Using a single select() should let us take better advantage of Spark's parallel/distributed computing. My initial results profiling this are pretty promising.
ipums · Dec 10, 2024 · c43b57d · c43b57d
1 parent 9755f73
commit c43b57d
Showing 1 changed file with 24 additions and 21 deletions.
diff --git a/hlink/linking/model_exploration/link_step_train_test_models.py b/hlink/linking/model_exploration/link_step_train_test_models.py
@@ -21,7 +21,7 @@
 from pyspark.ml import Model, Transformer
 import pyspark.sql
 from pyspark.sql import DataFrame
-from pyspark.sql.functions import count, mean
+from pyspark.sql.functions import col, count, count_if, mean
 from functools import reduce
 import hlink.linking.core.threshold as threshold_core
 import hlink.linking.core.classifier as classifier_core
@@ -752,27 +752,30 @@ def _get_confusion_matrix(
     predictions: pyspark.sql.DataFrame,
     dep_var: str,
 ) -> tuple[int, int, int, int]:
-    TP = predictions.filter((predictions[dep_var] == 1) & (predictions.prediction == 1))

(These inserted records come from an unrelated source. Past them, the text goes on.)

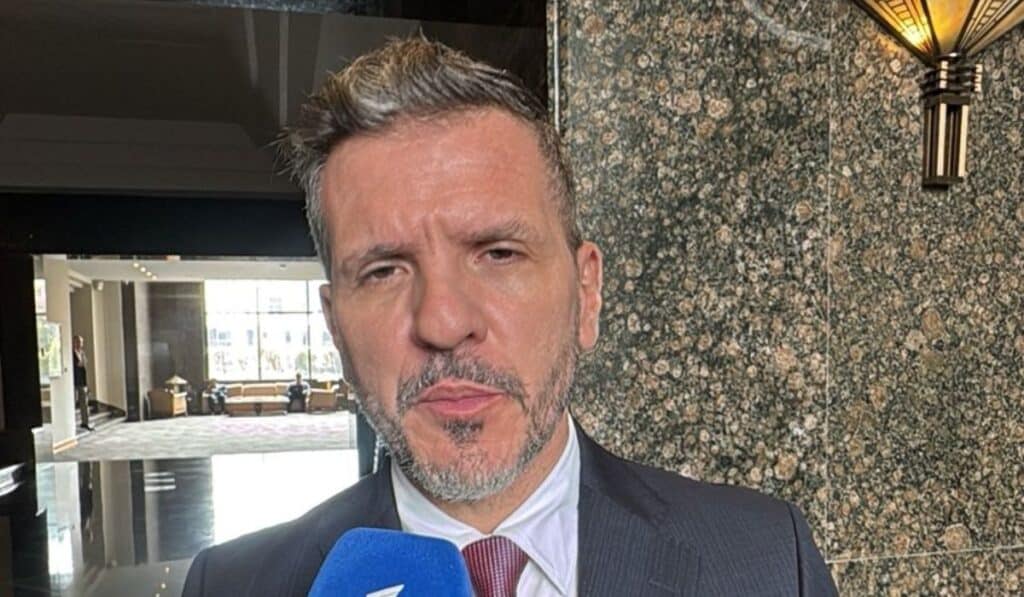 Así va el megaproyecto para ampliar el aeropuerto de Barranquilla: ya ...
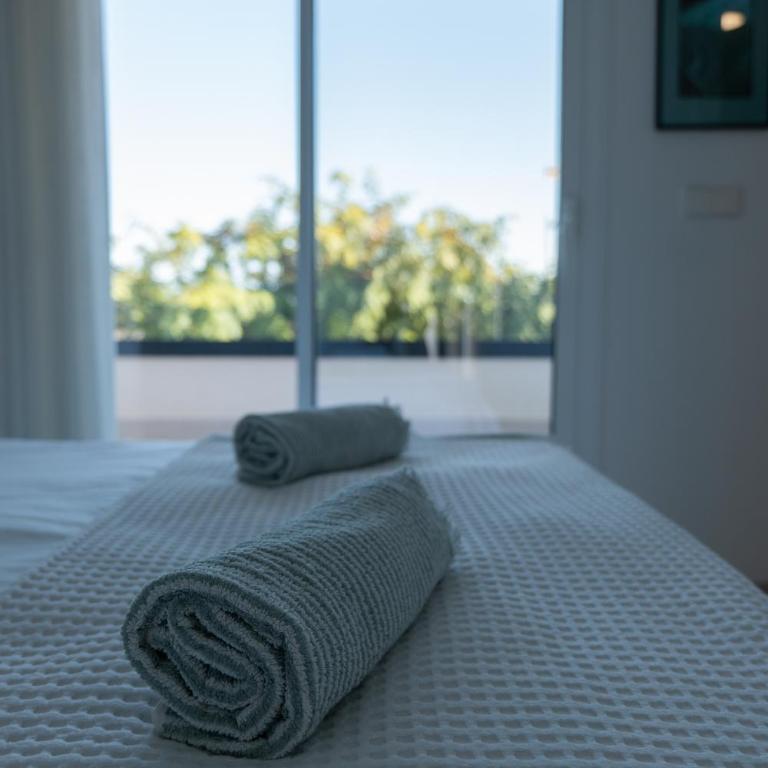 Modern Villa with Heated Pool Santa Rosalia by COELI - Villa de 3 dormitorios - 21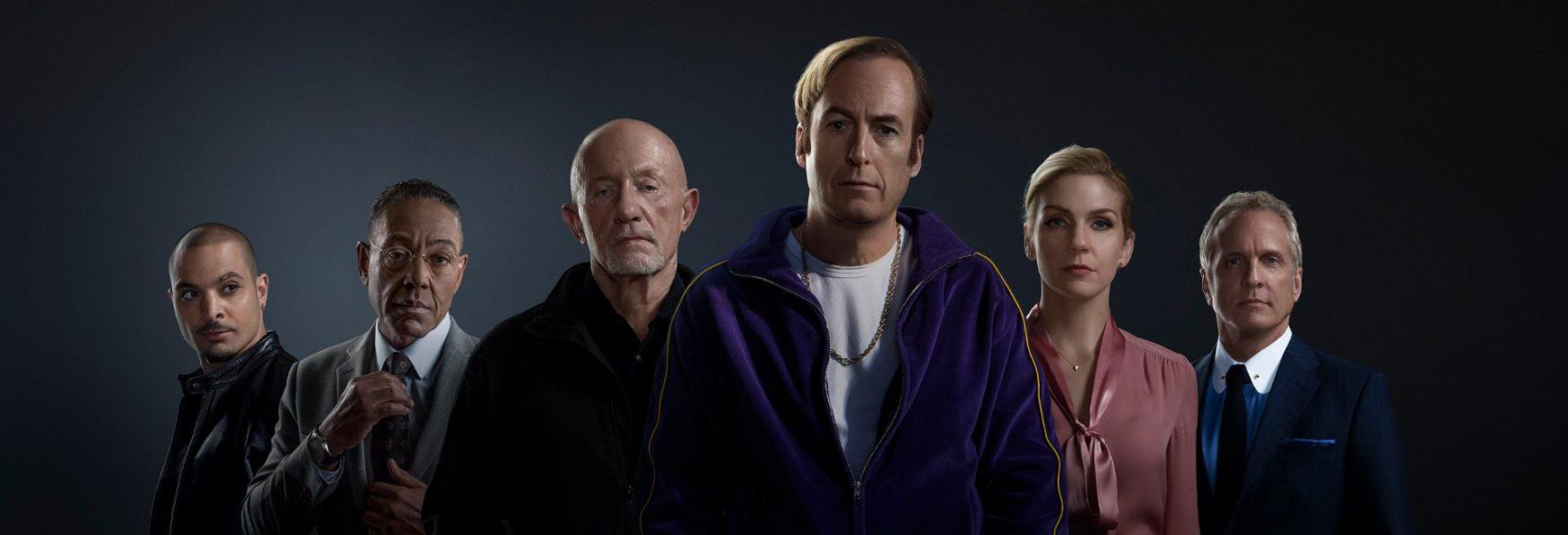 Better Call Saul: Perché la 6° e Ultima Stagione verrà Rilasciata in Due Parti?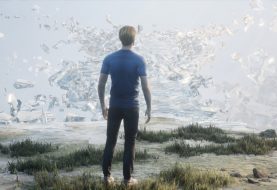 Twin Mirror gets a release date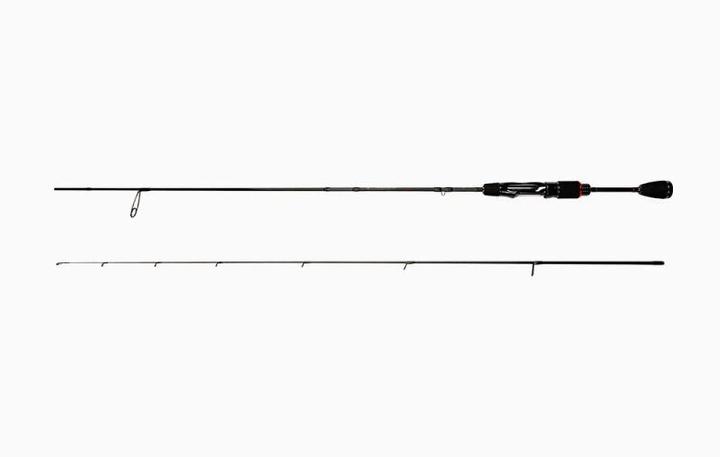 Lieblingsköder Spinnrute Firestarter Spoon (Spinnrute, 180 cm)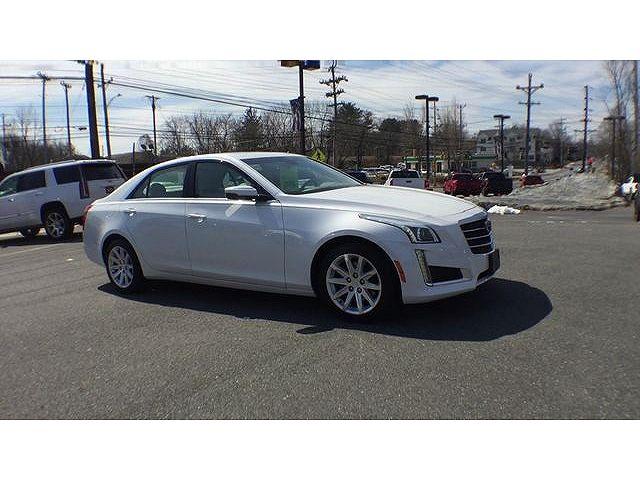 2015 cadillac cts luxury for sale in newark, delaware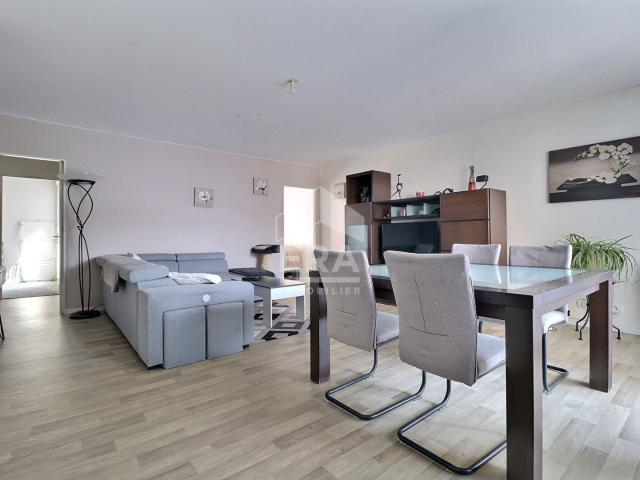Appartement 3 pièces 67 m²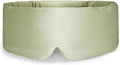 Dore & Rose Deep Sleep Mask Light Blocking, 23 Momme Mulberry Silk Eye Mask by DoreRose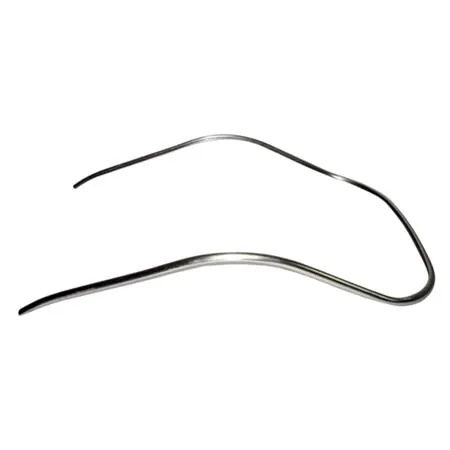 Bordo scudo in alluminio originale Piaggio Vespa PX 1° serie e vespe old model 125, 150cc (CIF), ricambio 10173-OR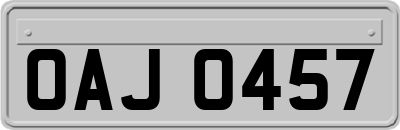 OAJ0457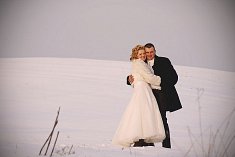 zdjęcia na ślub - Olsztyn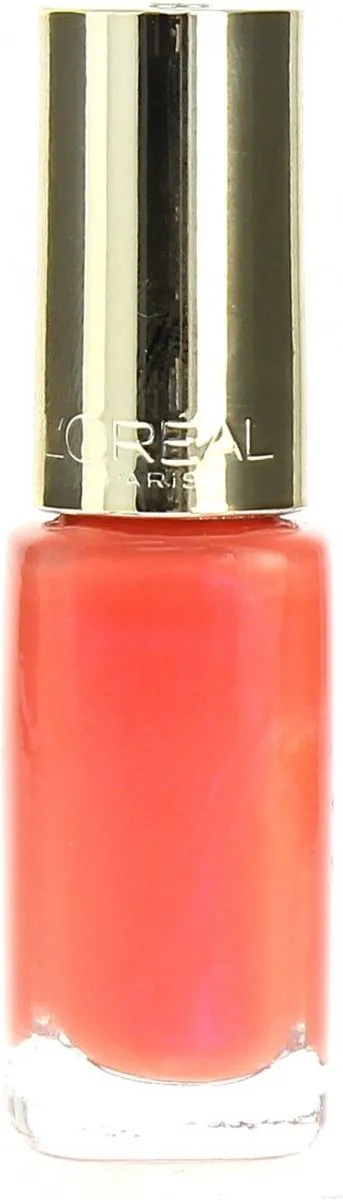 L'Oréal Paris Color Riche Nagellak 238 Orange After Party - 5ml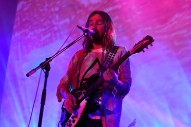 Tame Impala and Theophilus London Debut New Music in Concert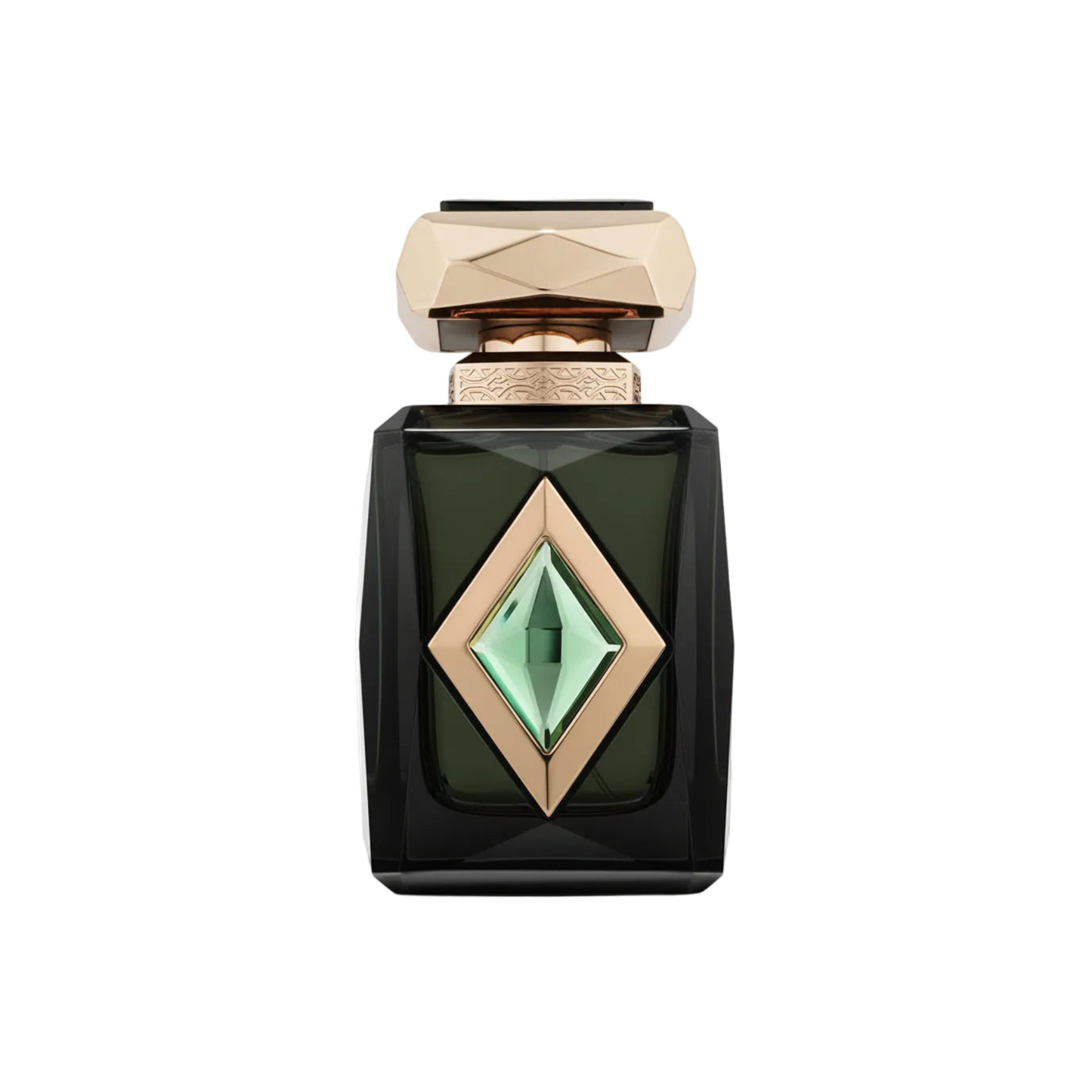 Iris patchouli EDP 80ml - French Avenue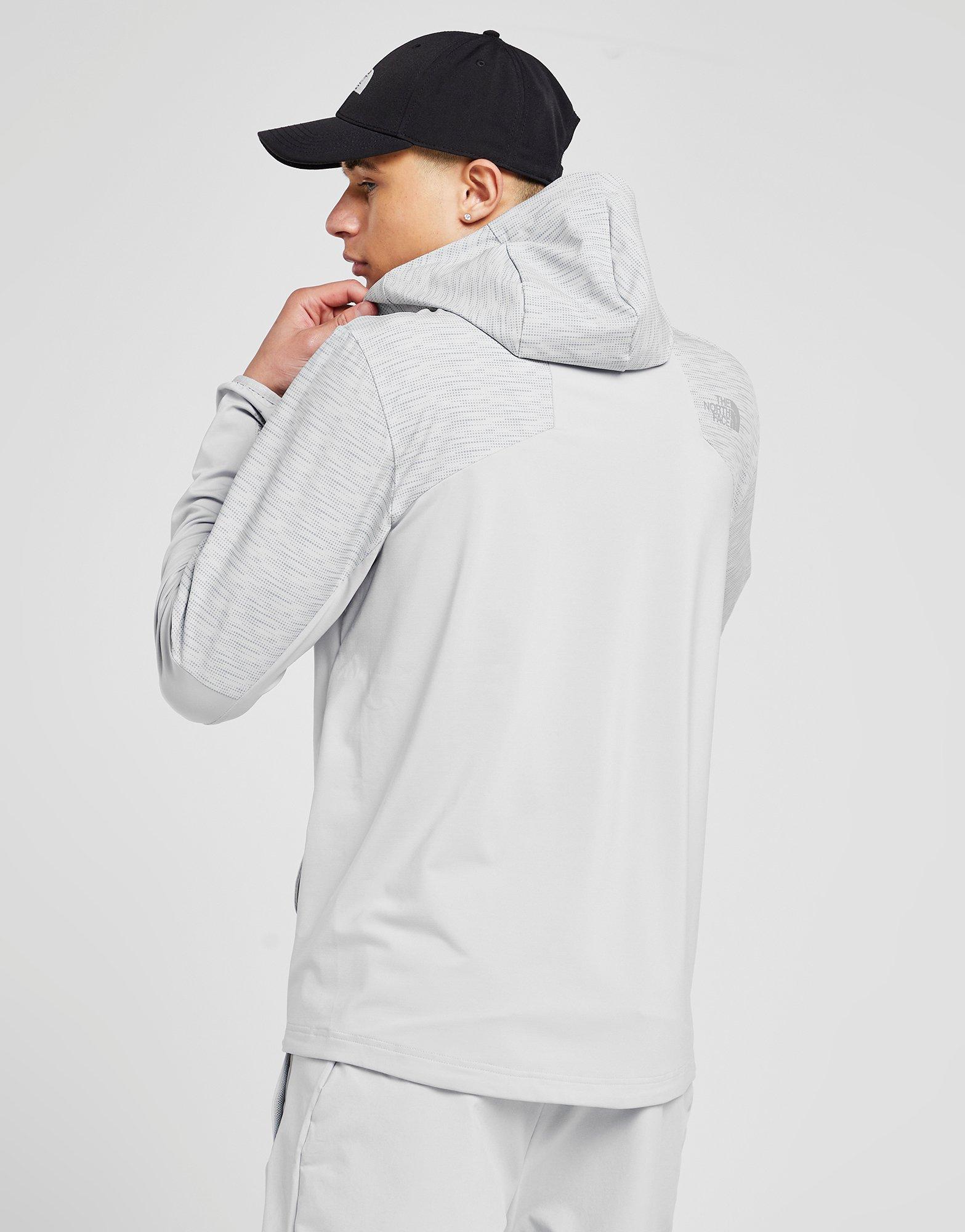 The North Face Sweat à capuche tissé Mittellegi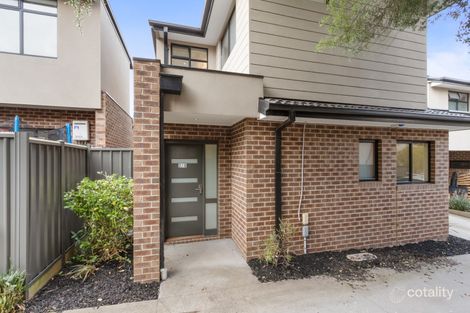 Property photo of 2/5 Gregory Grove Preston VIC 3072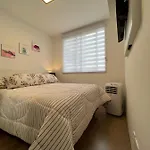Apartamento Mobiliado Regiao Do Bras Coronel Mursa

-    TP_count = TP.count()
-
-    FP = predictions.filter((predictions[dep_var] == 0) & (predictions.prediction == 1))
-    FP_count = FP.count()
-
-    # print(
-    #   f"Confusion matrix -- true positives and false positivesTP {TP_count} FP {FP_count}"
-    # )
-
-    FN = predictions.filter((predictions[dep_var] == 1) & (predictions.prediction == 0))
-    FN_count = FN.count()
-
-    TN = predictions.filter((predictions[dep_var] == 0) & (predictions.prediction == 0))
-    TN_count = TN.count()
-
-    # print(
-    #   f"Confusion matrix -- true negatives and false negatives: FN {FN_count}  TN {TN_count}"
-    # )
+    """
+    Compute the confusion matrix for the given DataFrame of predictions. The
+    confusion matrix is the count of true positives, false positives, false
+    negatives, and true negatives for the predictions.
 
-    return TP_count, FP_count, FN_count, TN_count
+    Return a tuple (true_positives, false_positives, false_negatives,
+    true_negatives).
+    """
+    prediction_col = col("prediction")
+    label_col = col(dep_var)
+
+    confusion_matrix = predictions.select(
+        count_if((label_col == 1) & (prediction_col == 1)).alias("true_positives"),
+        count_if((label_col == 0) & (prediction_col == 1)).alias("false_positives"),
+        count_if((label_col == 1) & (prediction_col == 0)).alias("false_negatives"),
+        count_if((label_col == 0) & (prediction_col == 0)).alias("true_negatives"),
+    )
+    [confusion_row] = confusion_matrix.collect()
+    return (
+        confusion_row.true_positives,
+        confusion_row.false_positives,
+        confusion_row.false_negatives,
+        confusion_row.true_negatives,
+    )
 
 
 def _get_aggregate_metrics(